Конецъ ли это объясненію молодого человѣка, по имени Гуппи, или у него есть еще что-нибудь сказать? Разоблачаютъ ли слова его, измѣряютъ ли они длину, ширину, глубину предмета, устраняютъ ли подозрѣніе, которое можетъ сюда вкрасться, или же они только гуще, сложнѣе заслоняютъ истицу?

-- Вы можете принести письма, если хотите,-- говоритъ миледи.

-- Ваши слова, миледи, не очень утѣшительны, клянусь честью,-- говоритъ мистеръ Гуппи, нѣсколько обидѣвшись.

-- Вы можете принести письма,-- повторяетъ она тѣмъ же тономъ:-- можете принести, если вамъ будетъ угодно.

-- Это будетъ сдѣлано. Желаю вамъ добраго дня, миледи.

На столѣ возлѣ нея стоитъ богатая миніатюрная шкатулка, обитая желѣзомъ и гвоздями на подобіе древняго сундука. Миледи, смотря на своего гостя, беретъ шкатулку и отпираетъ ее.
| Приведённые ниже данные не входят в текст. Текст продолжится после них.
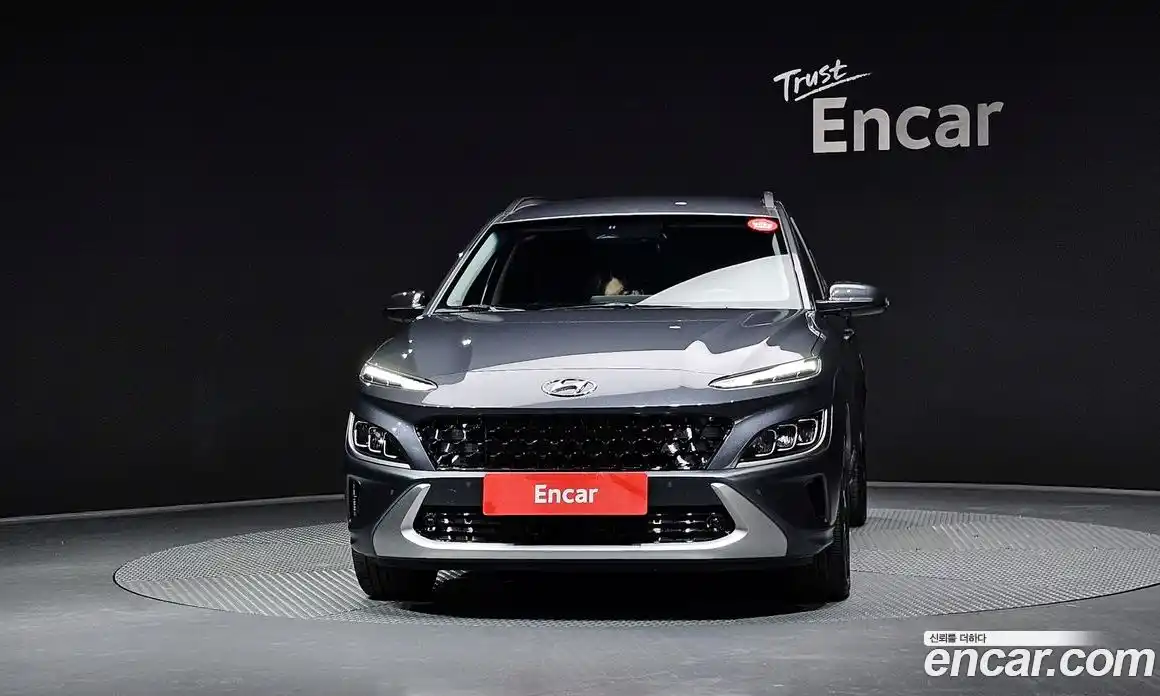 Hyundai Kona 2021 1.6 гидро в Москве № 125074, фото 3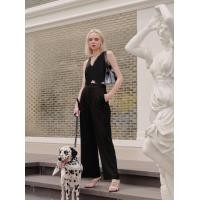 ราคา Merge Official Preppy Pants 5 Colors พร้อมส่ง กางเกงผ้า ทรงกระบอกตรง ขายาว จีบไม่แตก (16398523267)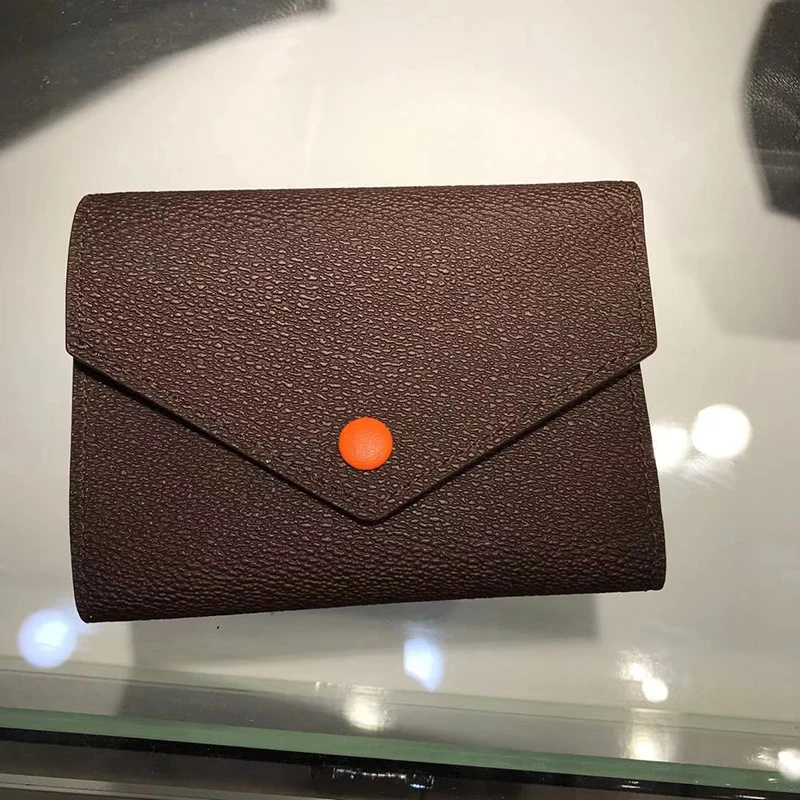 Известный европейский и американский женский маленький кошелек короткий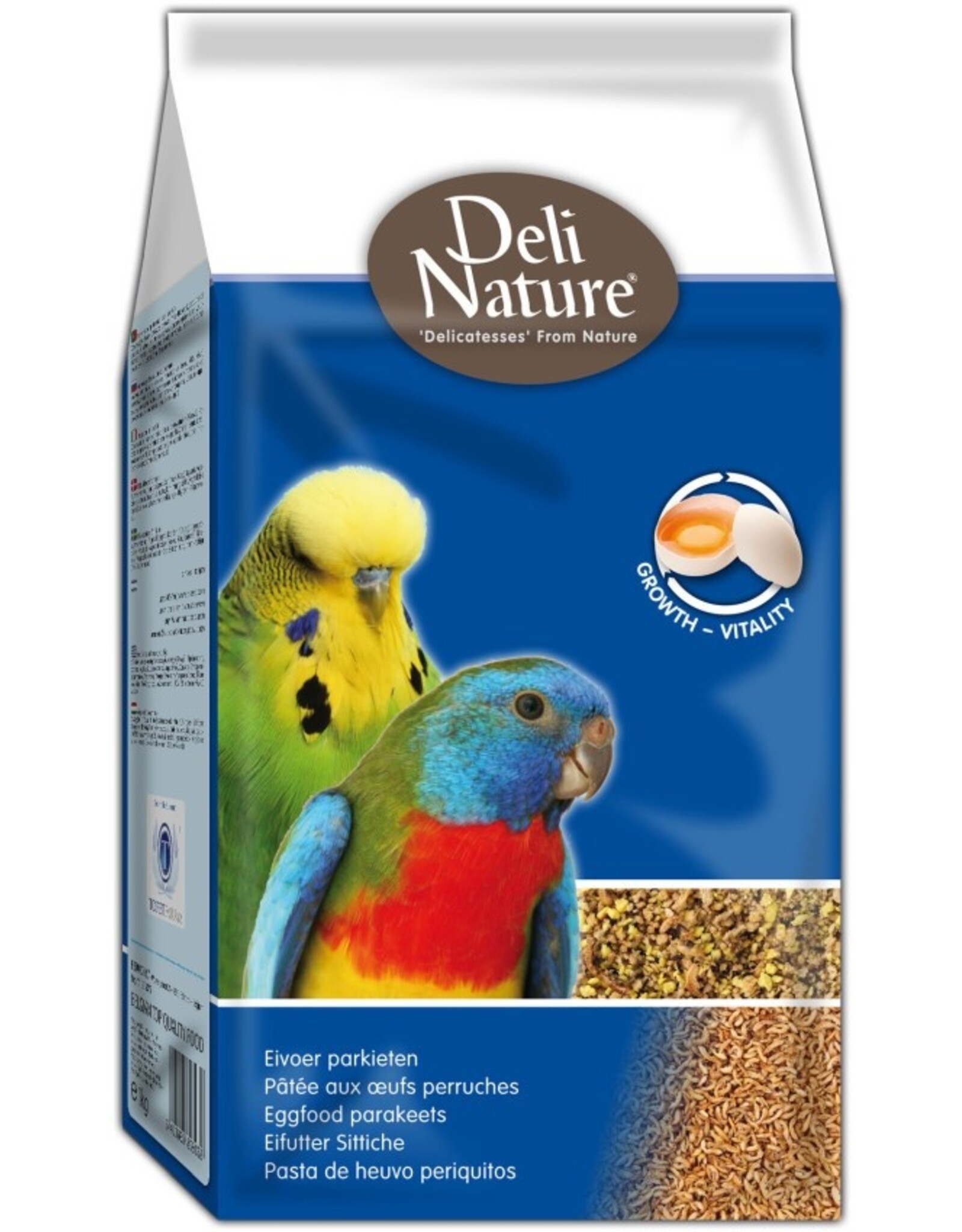 Deli Nature Beduco Deli Nature Eifutter Wellensittiche 1kg
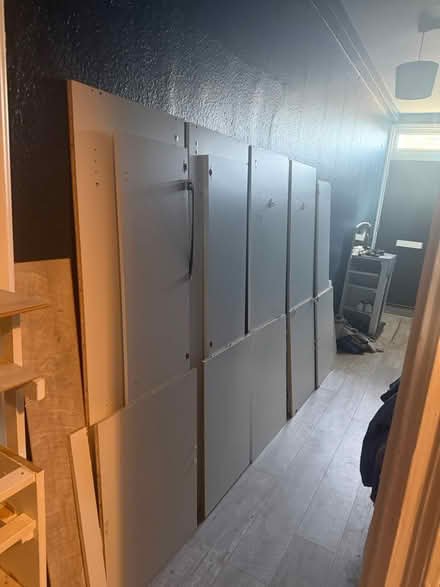 Photo of free Dismantled wardrobe (Hanwell W7) #1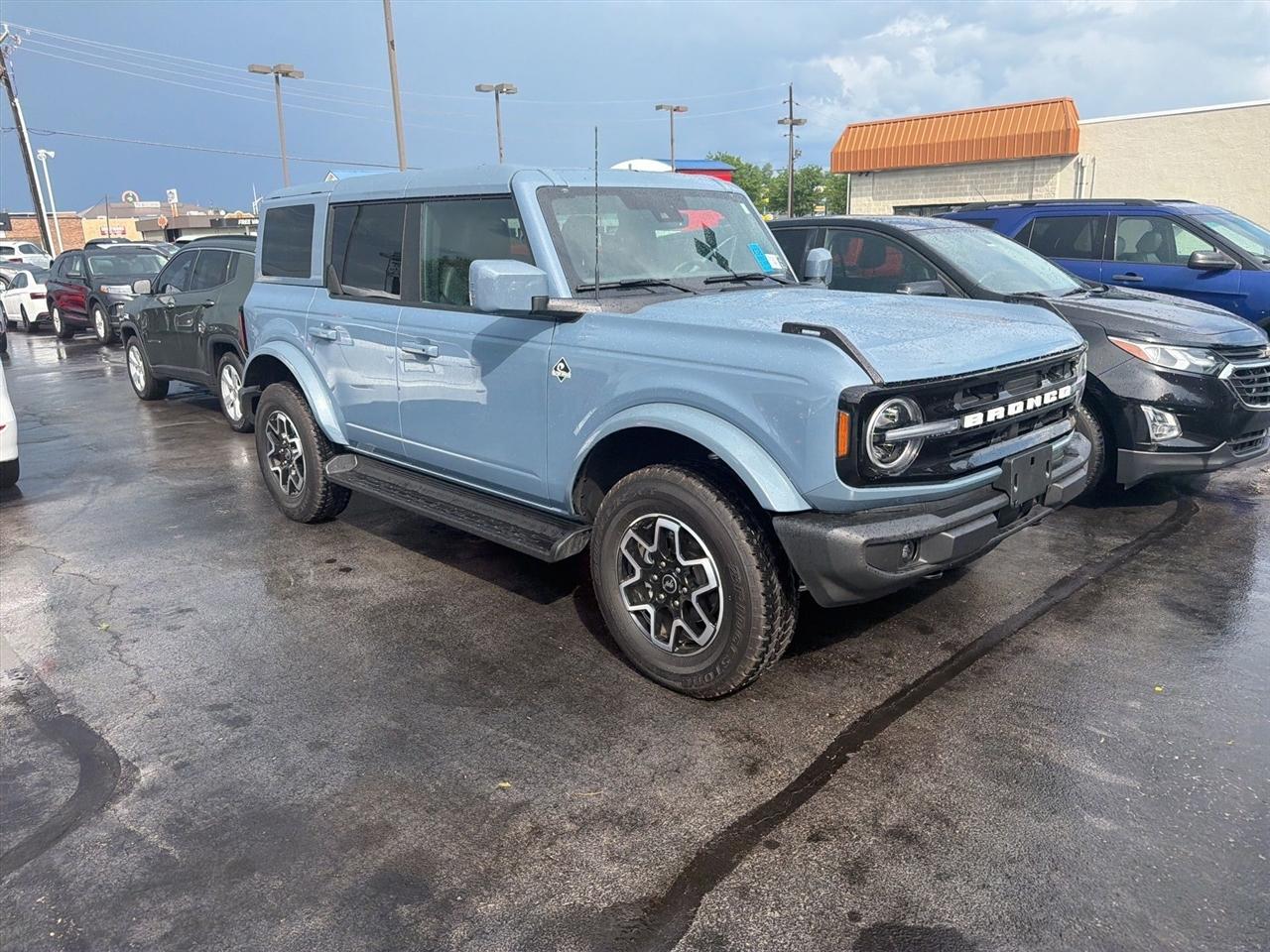 Ford Bronco  2025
-- Ахъ, увѣряю васъ, миледи, что я не дѣйствовалъ подъ вліяніемъ подобныхъ побужденій,-- говоритъ мистеръ Гуппи:-- и я не могу принять ничего въ этомъ родѣ. Я желаю вамъ, миледи, добраго дня и смѣю васъ увѣрить, что я и безъ того много благодаренъ.

Съ этими словами молодой человѣкъ кланяется и сходитъ съ лѣстницы, при чемъ надменный Меркурій не считаетъ себя обязаннымъ сойти съ Олимпа, который замѣняетъ ему каминъ въ прихожей, и отворить молодому человѣку дверь.

Пока сэръ Лэйстеръ грѣется въ своей библіотекѣ и восхищается газетными новостями, неужели ничто, происходящее въ домѣ, не пугаетъ его, ничто не заставляетъ его задуматься; неужели деревья въ Чесни-Воулдѣ не будутъ размахивать своими сучковатыми вѣтвями, портреты не будетъ хмуриться, вооруженія не будутъ издавать звуковъ?

Нѣтъ. Слова, вздохи и рыданія летучи, неуловимы, какъ воздухъ, а даже воздуху столько преградъ въ городскомъ домѣ Дэдлоковъ, что въ комнатѣ миледи нужно бы было гремѣть въ трубы, чтобы произвести хотя малѣйшее впечатлѣніе на слуховые органы сэра Лэйстера; а между тѣмъ въ домѣ раздаются стенанія; кто-то рыдаетъ, стоя на колѣняхъ.

-- О, дитя мое, дитя мое! Ты не умерла въ первыя минуты твоей жизни, какъ сказала мнѣ жестокая сестра. Она воспитала тебя, отрекшись отъ меня и моего имени. О, дочь моя! Дочь моя!